Section §6.5.3.2 "Address and indirection operators" ¶3 says (relevant section only):

The unary & operator returns the address of its operand. ... If the operand is the result of a unary * operator, neither that operator nor the & operator is evaluated and the result is as if both were omitted, except that the constraints on the operators still apply and the result is not an lvalue. Similarly, if the operand is the result of a [] operator, neither the & operator nor the unary * that is implied by the [] is evaluated and the result is as if the & operator were removed and the [] operator were changed to a + operator. ...

This means that this:

#define NUM 10
int tmp[NUM];
int *i = tmp;
printf("%ti\n", (ptrdiff_t) (&*i - i) );
printf("%ti\n", (ptrdiff_t) (&i[NUM] - i) );

Should be perfectly legal, printing 0 and the NUM (10). The standard seems very clear that both of those cases are required to be optimized.

However, it doesn't seem to require the following to be optimized:

struct { int a; short b; } tmp, *s = tmp;
printf("%ti\n", (ptrdiff_t) (&s->b - s) );

This seems awfully inconsistent. I can see no reason that the above code shouldn't print the sizeof(int) plus (unlikely) padding (possibly 4).

Simplifying a &-> expression is going to be the same conceptually (IMHO) as &[], a simple address-plus-offset. It's even an offset that's going to be determinable at compile time, rather than potentially runtime with the [] operator.

Is there anything in the rationale about why this is so seemingly inconsistent?

3

There are 3 answers

4
James McNellis On BEST ANSWER

In your example, &i[10] is actually not legal: it becomes i + 10, which becomes NULL + 10, and you can't perform arithmetic on a null pointer. (6.5.6/8 lists the conditions under which pointer arithmetic can be performed)

Anyway, this rule was added in C99; it was not present in C89. My understanding is that it was added in large part to make code like the following well-defined:

int* begin, * end;
int v[10];

begin = &v[0];
end = &v[10];

That last line is technically invalid in C89 (and in C++) but is allowed in C99 because of this rule. It was a relatively minor change that made a commonly used construct well-defined.

Because you can't perform arithmetic on a null pointer, your example (&s->b) would be invalid anyway.
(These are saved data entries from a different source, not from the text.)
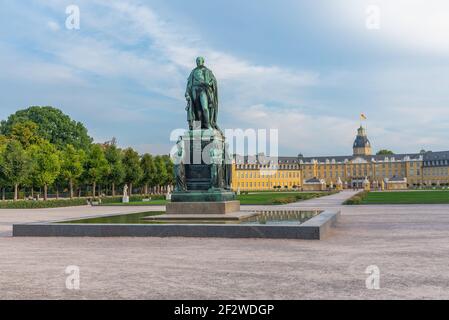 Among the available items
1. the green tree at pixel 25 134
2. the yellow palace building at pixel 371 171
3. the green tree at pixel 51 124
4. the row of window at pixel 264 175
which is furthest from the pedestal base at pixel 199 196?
the row of window at pixel 264 175

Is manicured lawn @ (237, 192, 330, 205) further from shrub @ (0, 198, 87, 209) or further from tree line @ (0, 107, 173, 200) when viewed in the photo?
tree line @ (0, 107, 173, 200)

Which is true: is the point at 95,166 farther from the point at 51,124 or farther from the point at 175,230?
the point at 175,230

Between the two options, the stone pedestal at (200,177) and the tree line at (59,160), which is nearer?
the stone pedestal at (200,177)

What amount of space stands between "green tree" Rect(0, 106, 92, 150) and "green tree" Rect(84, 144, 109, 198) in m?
15.7

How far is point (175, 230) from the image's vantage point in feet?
52.8

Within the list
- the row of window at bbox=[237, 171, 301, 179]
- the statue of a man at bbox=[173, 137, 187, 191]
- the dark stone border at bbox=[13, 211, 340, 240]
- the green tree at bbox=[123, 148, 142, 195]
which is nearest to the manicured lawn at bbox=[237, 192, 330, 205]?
the green tree at bbox=[123, 148, 142, 195]

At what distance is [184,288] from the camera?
836 centimetres

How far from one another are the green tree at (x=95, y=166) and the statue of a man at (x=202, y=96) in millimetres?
49233

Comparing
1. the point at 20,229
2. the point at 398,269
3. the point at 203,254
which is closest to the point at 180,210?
the point at 20,229

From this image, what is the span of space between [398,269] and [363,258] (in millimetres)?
1639

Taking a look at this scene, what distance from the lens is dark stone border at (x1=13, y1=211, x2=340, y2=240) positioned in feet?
50.4

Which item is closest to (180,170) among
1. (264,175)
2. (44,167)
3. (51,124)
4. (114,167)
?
(44,167)

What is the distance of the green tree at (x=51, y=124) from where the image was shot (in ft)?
272

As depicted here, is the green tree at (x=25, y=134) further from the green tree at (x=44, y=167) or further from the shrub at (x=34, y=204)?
the shrub at (x=34, y=204)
As for why there is this "inconsistency," I can only guess. It's likely that no one thought to make it consistent or no one saw a compelling use case for this. It's possible that this was considered and ultimately rejected. There are no remarks about the &* reduction in the Rationale. You might be able to find some definitive information in the WG14 papers, but unfortunately they seem to be quite poorly organized, so trawling through them may be tedious.

8
Scott M. On

I believe that the compiler can choose to pack in different ways, possibly adding padding between members of a struct to increase memory access speed. This means that you can't for sure say that b will always be an offset of 4 away. The single value does not have the same problem.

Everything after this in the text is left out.